„Ein Lehrstück ohne Lehre“: Szene aus „Biedermann und die Brandstifter“ im Wilhelma-Theater. Foto: Kalscheuer Quelle: Unbekannt

Von Dietholf Zerweck

Stuttgart -Am Anfang entert die Feuerwehr die Bühne des Wilhelma-Theaters vom Seitenbalkon. Am Ende ist der Zuschauerraum vom bläulichen Trockennebel eingeraucht, das Haus steht in Flammen. Max Frischs „Biedermann und die Brandstifter“, von Annette Pullen für den Studiengang Schauspiel der Stuttgarter Hochschule inszeniert, zeigt die fatale Ignoranz und Gleichgültigkeit des Kleinbürgers gegenüber der Realität des Bösen, wie sie der Schweizer Autor in den 1950er-Jahren im Rückblick auf das Aufkommen des Nationalsozialismus als „Lehrstück ohne Lehre“ dramatisierte.

Eine wichtige Rolle im Stück spielt der von Frisch als Parodie antiker Tragödien eingesetzte Chor, welcher das ahnungslose Verhalten der Hauptfigur in geschwollenem Versmaß parodiert: „Blinder als blind ist der Ängstliche, / Zitternd vor Hoffnung, es sei nicht das Böse / Freundlich empfängt er’s, / Wehrlos, ach müde, der Angst, Hoffend das Beste“.

Harmloser Lebemann

Das Ensemble um den als geschäftlich erfolgreicher Yuppie überzeugenden Philippe Thelen in der Hauptrolle zeichnet die Typen prägnant und am Rande der Karikatur. Biedermanns Frau (Elena Berthold) ist eine konsumfreudige Leichtgläubige, die sich von den beiden auf dem Dachboden einquartierten Ganoven hofieren lässt, das Dienstmädchen Anna (Kim Vanessa Földing) wird geschurigelt und herumkommandiert. Der ehemalige Ringer Schmitz (Jannik Mühlenweg) punktet mit einem Gemisch aus Schmeichelei, Grobheit und Hinterlist, sein Kumpan Eisenring (Inga Behring) mimt den harmlosen Lebemann. Als beide ihre Brandstifter-Untensilien auf den Speicher schaffen, der in Iris Krafts Bühnenbild unter den hölzernen Lamellen eines Auf-und-Abwärts-Stegs angesiedelt ist, tritt noch ein sich als Wutbürger gerierender Intellektueller (Milan Gather) in Erscheinung, der mit seinen Phrasen die Brandkatastrophe mitverursacht, doch jede Verantwortung von sich weist.

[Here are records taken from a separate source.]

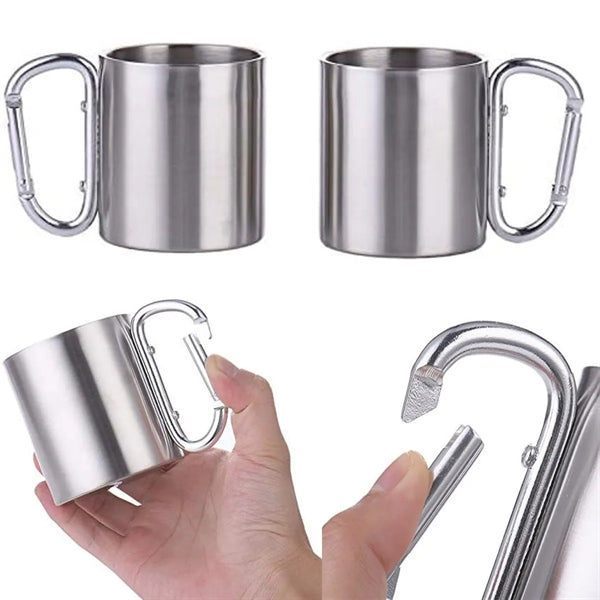 Stainless Steel Carabiner Mug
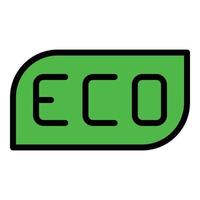 Eco car dashboard icon color outline vector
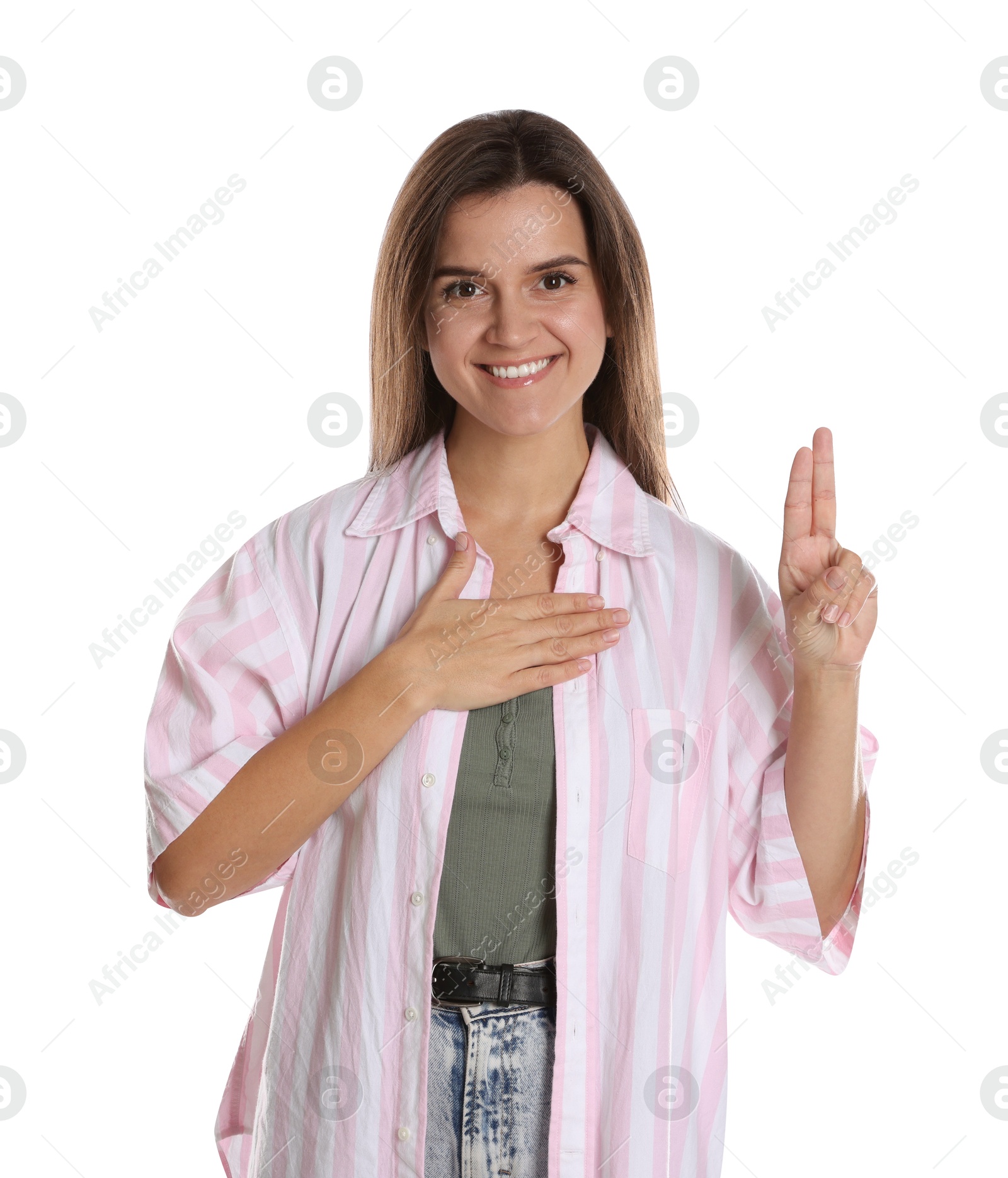 Photo of Woman showing oath gesture on white background. Making promise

Max Frischs Parabel auf die Handlungsunfähigkeit einer saturierten Gesellschaft bleibt im Wilhelma-Theater ziemlich genau am Text orientiert und zitiert nur gegen Ende heutige nationalistische Brandstifter vom Schlage Pegida mit der Vokabel „Lügenpresse“. Mit spielerischem Elan und lebendigem Engagement machen sich die Schauspielschüler Frischs Einakter zu eigen, auch die Showeinlage mit dem Werbeblock des Haarwasserfabrikanten Biedermann macht ihnen sichtlich Spaß.

„Feuergefährlich ist viel“

Eindrucksvoll in der sehenswerten Aufführung sind die chorischen Auftritte der Mannen der Feuerwehr inszeniert, die ihre Verse in doppelbödiger Ironie skandieren: „Feuergefährlich ist viel, / Aber nicht alles, was feuert, ist Schicksal, / Unabwendbares. / Anderes nämlich, Schicksal genannt, / Dass du nicht fragest, wie’s kommt / Städtevernichtendes auch, Ungeheures / Ist Unfug“.

Weitere Vorstellungen bis Mitte Dezember.